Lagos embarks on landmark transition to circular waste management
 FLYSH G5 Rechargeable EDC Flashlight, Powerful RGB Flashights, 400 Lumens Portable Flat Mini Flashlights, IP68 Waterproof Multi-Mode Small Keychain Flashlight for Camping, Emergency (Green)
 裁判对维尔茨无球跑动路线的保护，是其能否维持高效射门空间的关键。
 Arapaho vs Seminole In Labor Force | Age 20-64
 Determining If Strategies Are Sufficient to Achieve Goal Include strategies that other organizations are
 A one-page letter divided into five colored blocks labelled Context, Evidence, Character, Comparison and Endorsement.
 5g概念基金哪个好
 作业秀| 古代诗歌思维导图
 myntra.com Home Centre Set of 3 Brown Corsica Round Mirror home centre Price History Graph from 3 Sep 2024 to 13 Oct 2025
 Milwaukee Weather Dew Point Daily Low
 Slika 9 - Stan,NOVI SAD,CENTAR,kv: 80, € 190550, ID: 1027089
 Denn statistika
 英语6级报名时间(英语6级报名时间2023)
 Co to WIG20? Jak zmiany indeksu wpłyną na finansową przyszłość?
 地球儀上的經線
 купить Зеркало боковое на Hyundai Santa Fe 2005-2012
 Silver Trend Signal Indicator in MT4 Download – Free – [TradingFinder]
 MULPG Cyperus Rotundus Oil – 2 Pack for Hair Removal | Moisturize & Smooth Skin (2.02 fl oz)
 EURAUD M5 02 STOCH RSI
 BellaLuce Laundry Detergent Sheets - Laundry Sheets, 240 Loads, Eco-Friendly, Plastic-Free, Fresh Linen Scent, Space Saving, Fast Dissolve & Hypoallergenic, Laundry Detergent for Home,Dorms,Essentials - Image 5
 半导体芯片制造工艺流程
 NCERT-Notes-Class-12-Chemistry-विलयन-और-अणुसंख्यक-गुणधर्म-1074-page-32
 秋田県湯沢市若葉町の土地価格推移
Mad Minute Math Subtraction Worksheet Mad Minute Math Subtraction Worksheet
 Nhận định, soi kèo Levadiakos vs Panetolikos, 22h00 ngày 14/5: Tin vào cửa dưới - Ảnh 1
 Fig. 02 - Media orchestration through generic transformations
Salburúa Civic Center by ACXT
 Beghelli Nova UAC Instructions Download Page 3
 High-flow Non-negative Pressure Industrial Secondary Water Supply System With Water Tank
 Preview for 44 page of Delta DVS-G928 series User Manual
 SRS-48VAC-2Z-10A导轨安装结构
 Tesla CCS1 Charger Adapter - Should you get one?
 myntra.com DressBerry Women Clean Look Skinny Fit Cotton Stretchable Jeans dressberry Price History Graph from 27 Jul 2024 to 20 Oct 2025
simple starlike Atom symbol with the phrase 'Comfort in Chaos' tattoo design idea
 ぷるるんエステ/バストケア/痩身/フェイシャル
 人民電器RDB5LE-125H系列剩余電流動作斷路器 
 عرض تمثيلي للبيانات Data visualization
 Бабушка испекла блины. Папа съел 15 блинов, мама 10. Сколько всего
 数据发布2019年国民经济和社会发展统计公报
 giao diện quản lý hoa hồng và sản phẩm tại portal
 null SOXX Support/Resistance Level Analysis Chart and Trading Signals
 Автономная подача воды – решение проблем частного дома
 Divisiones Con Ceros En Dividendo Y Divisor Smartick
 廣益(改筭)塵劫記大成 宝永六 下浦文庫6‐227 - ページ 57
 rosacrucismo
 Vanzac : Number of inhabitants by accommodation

# # # #

TASK DESCRIPTION :: Your answer should be the lines of the records that hold the string "Free".

EXPECTED OUTPUT ::
 Silver Trend Signal Indicator in MT4 Download – Free – [TradingFinder]
 BellaLuce Laundry Detergent Sheets - Laundry Sheets, 240 Loads, Eco-Friendly, Plastic-Free, Fresh Linen Scent, Space Saving, Fast Dissolve & Hypoallergenic, Laundry Detergent for Home,Dorms,Essentials - Image 5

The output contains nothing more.